**How to complete this task**:
Full transcription, minus images: write out the listing below exactly as it appears.

(The data)

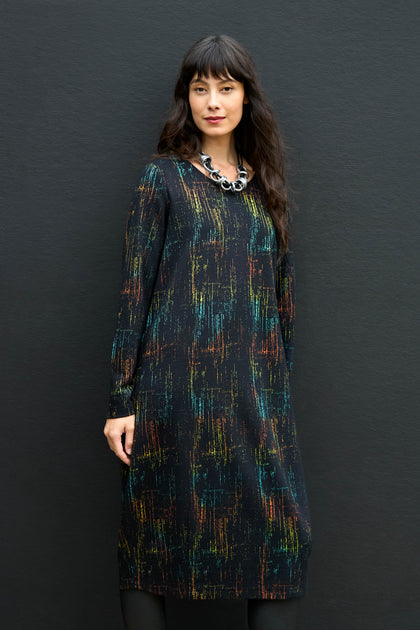 A woman wears a knee-length, long-sleeve Space Dye Jacquard Jersey Dress with a multicolored, textured vertical pattern on a black background, accessorized with a chunky, circular-link necklace.
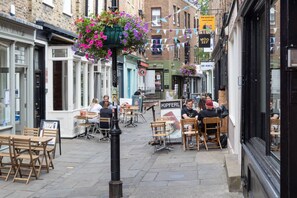 A street with outdoor seating, a sign for 'KIPFERL,' and a hanging flower basket. - Modern Classic in Angel, by Veeve (London)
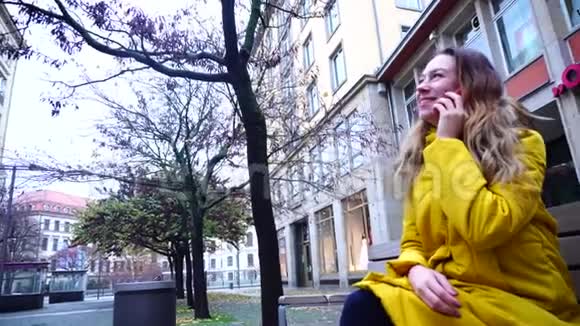 在凉爽的秋日坐在城市的长椅上坐在房子的背景下通过手机说话的美丽女孩的肖像视频的预览图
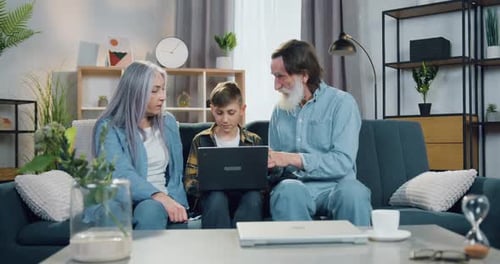 Grandparents and Child Using Laptop on Couch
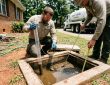 Huntsville, AL septic pros measure sludge with a Sludge Judge (clear pipe) and scum using a stick with a hinged flap. Get precise tank levels.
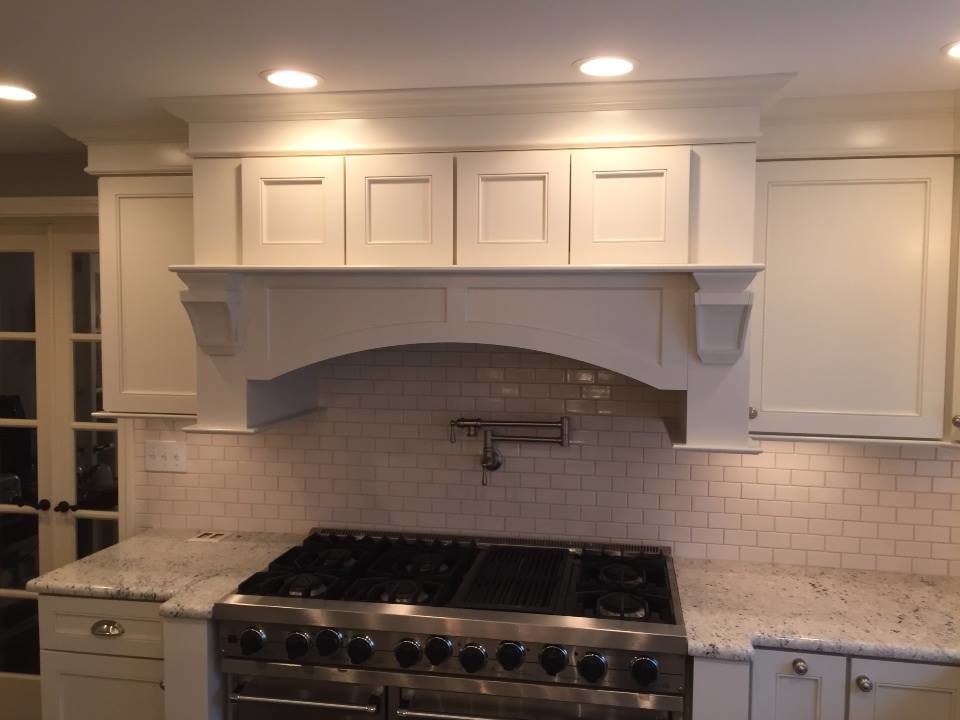 Kitchen - transitional u-shaped dark wood floor kitchen idea in New York with an undermount sink, recessed-panel cabinets, white cabinets, granite countertops, white backsplash, subway tile backsplash, stainless steel appliances and an island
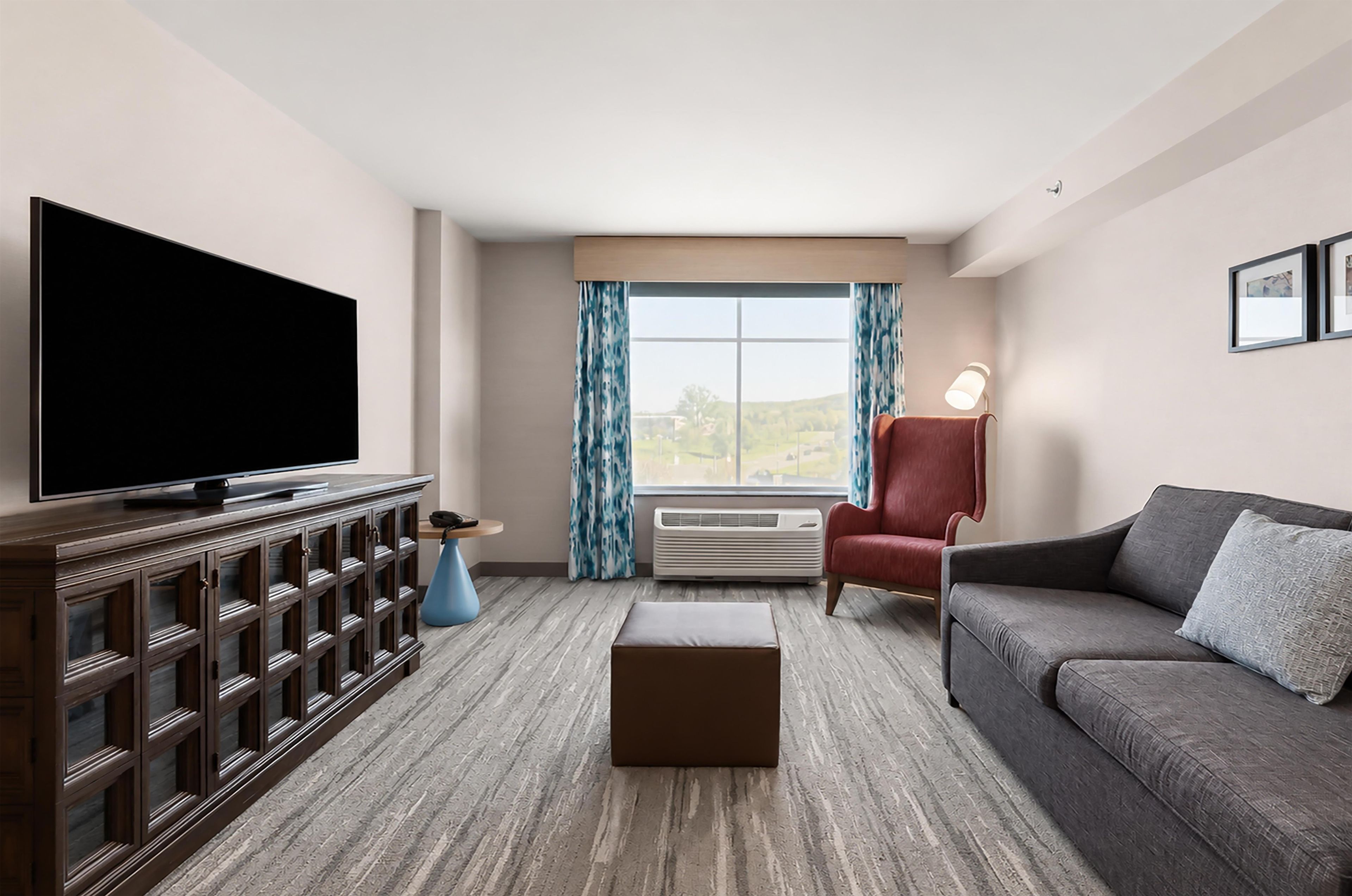 A modern living room with a flat-screen TV, a red armchair, a grey sofa, a wooden entertainment unit, and a large window with curtains.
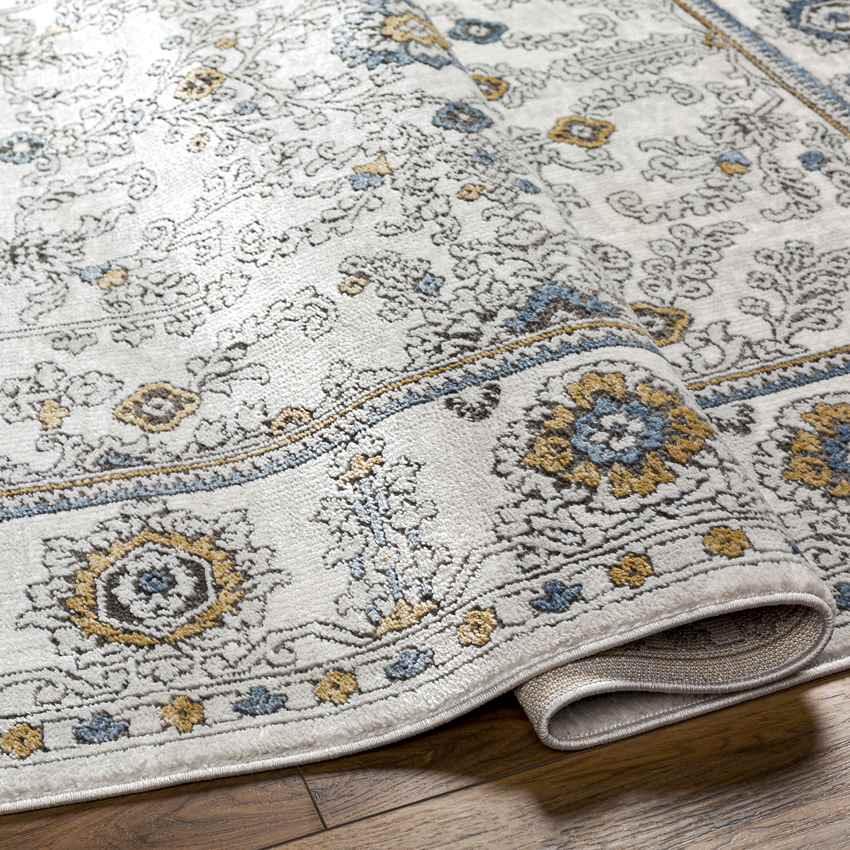 Andru Traditional Ivory Area Rug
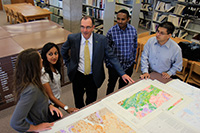 Dr. Franklin discussing Trent's lands plan with students in the library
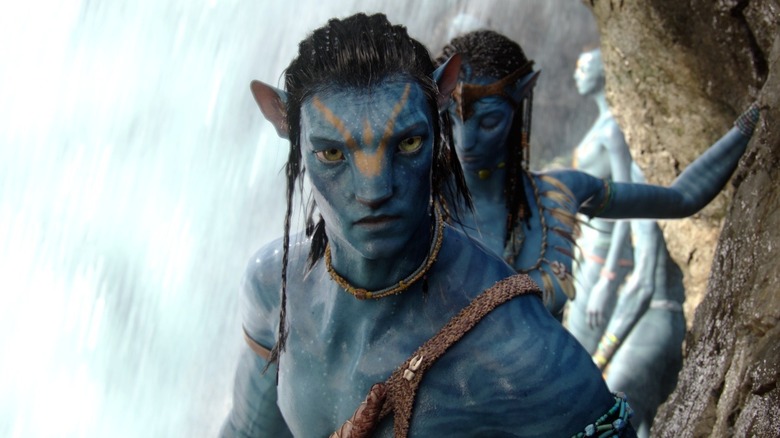 Sam Worthington as Jake Sully walking under a waterfall in Avatar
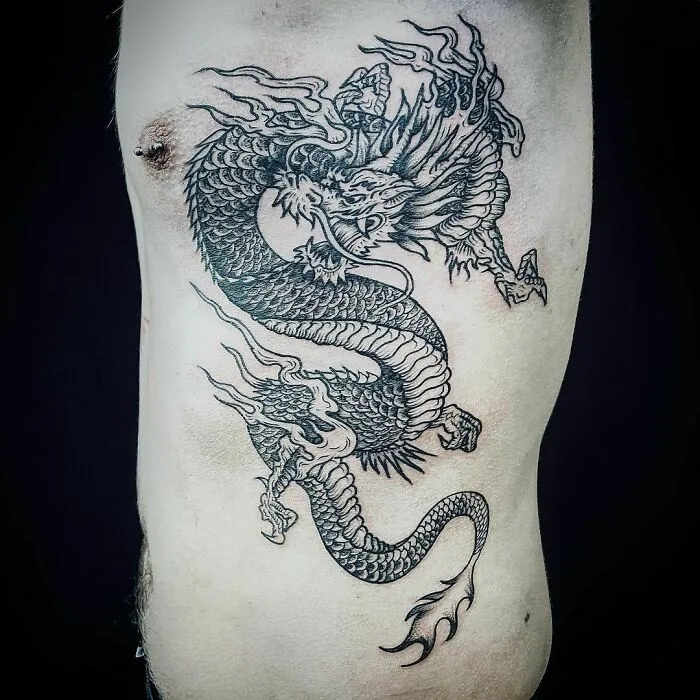 Intricate dragon tattoo design on a person's ribcage, showcasing detailed scales and fierce expression.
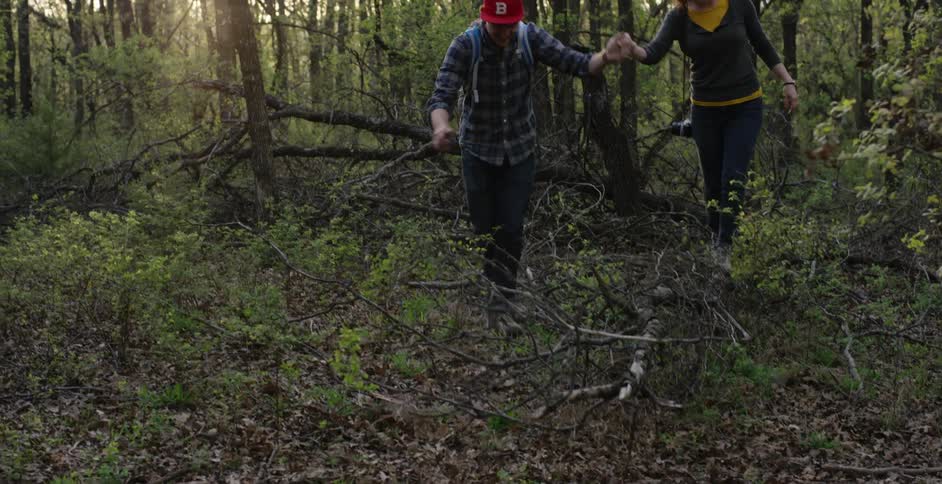 A man and a woman hold hands as they walk through the woods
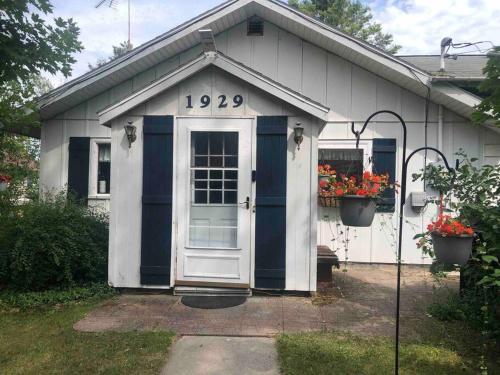 a white house with a blue door and flowers at The Huron Hutch in Evergreen Shores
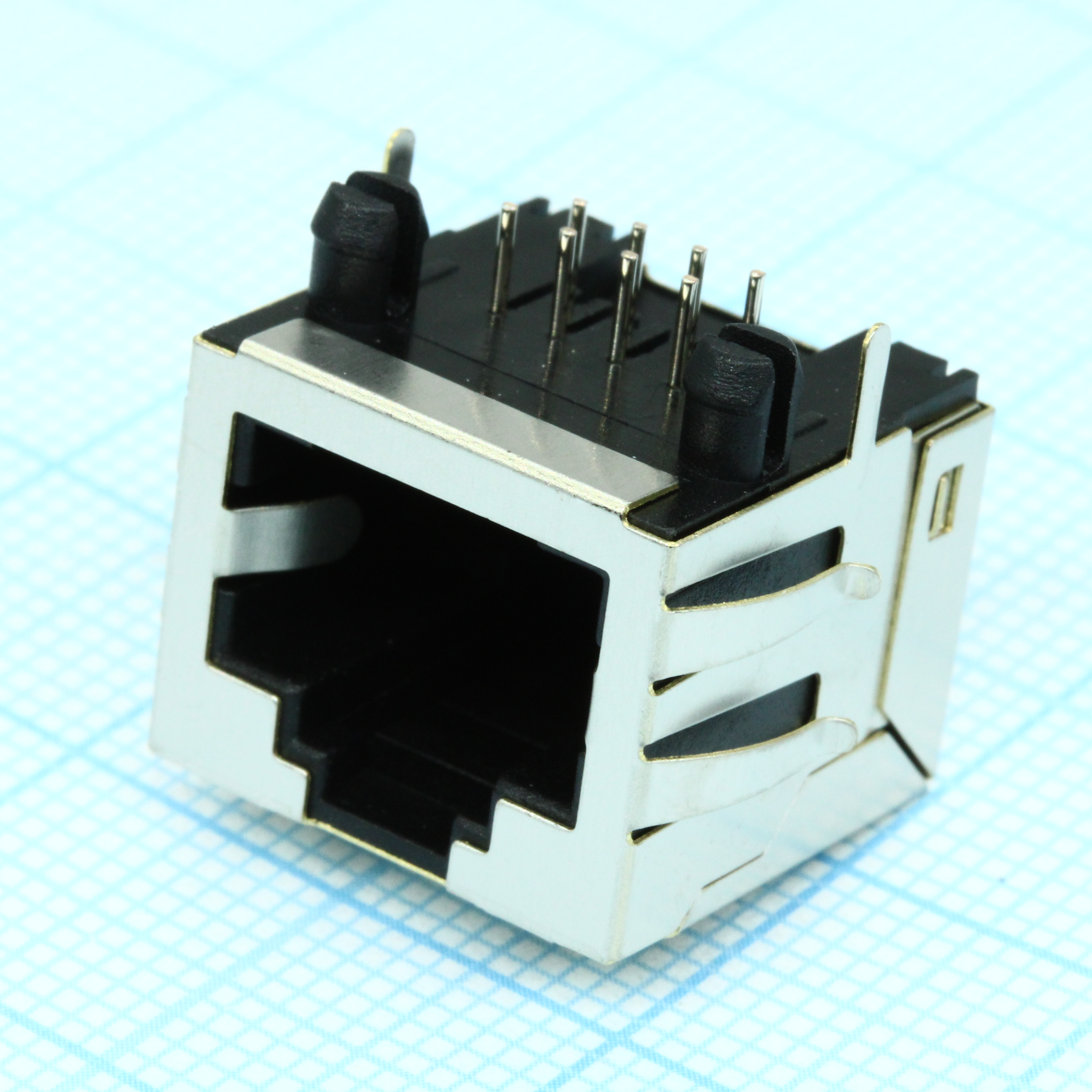 TRJE101CNL - Разъем экран. "гнездо" RJ-45, без светодиодов, с лепестками, от - 40 до + 85 гр.C, прямой угол на плату, Lкорп. = 15.8мм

(End The data)

**Exercise answer**:
 A woman wears a knee-length, long-sleeve Space Dye Jacquard Jersey Dress with a multicolored, textured vertical pattern on a black background, accessorized with a chunky, circular-link necklace.
 A street with outdoor seating, a sign for 'KIPFERL,' and a hanging flower basket. - Modern Classic in Angel, by Veeve (London)
 在凉爽的秋日坐在城市的长椅上坐在房子的背景下通过手机说话的美丽女孩的肖像视频的预览图
 Grandparents and Child Using Laptop on Couch
 Huntsville, AL septic pros measure sludge with a Sludge Judge (clear pipe) and scum using a stick with a hinged flap. Get precise tank levels.
 Kitchen - transitional u-shaped dark wood floor kitchen idea in New York with an undermount sink, recessed-panel cabinets, white cabinets, granite countertops, white backsplash, subway tile backsplash, stainless steel appliances and an island
 A modern living room with a flat-screen TV, a red armchair, a grey sofa, a wooden entertainment unit, and a large window with curtains.
 Andru Traditional Ivory Area Rug
 Dr. Franklin discussing Trent's lands plan with students in the library
 Sam Worthington as Jake Sully walking under a waterfall in Avatar
 Intricate dragon tattoo design on a person's ribcage, showcasing detailed scales and fierce expression.
 A man and a woman hold hands as they walk through the woods
 a white house with a blue door and flowers at The Huron Hutch in Evergreen Shores
 TRJE101CNL - Разъем экран. "гнездо" RJ-45, без светодиодов, с лепестками, от - 40 до + 85 гр.C, прямой угол на плату, Lкорп. = 15.8мм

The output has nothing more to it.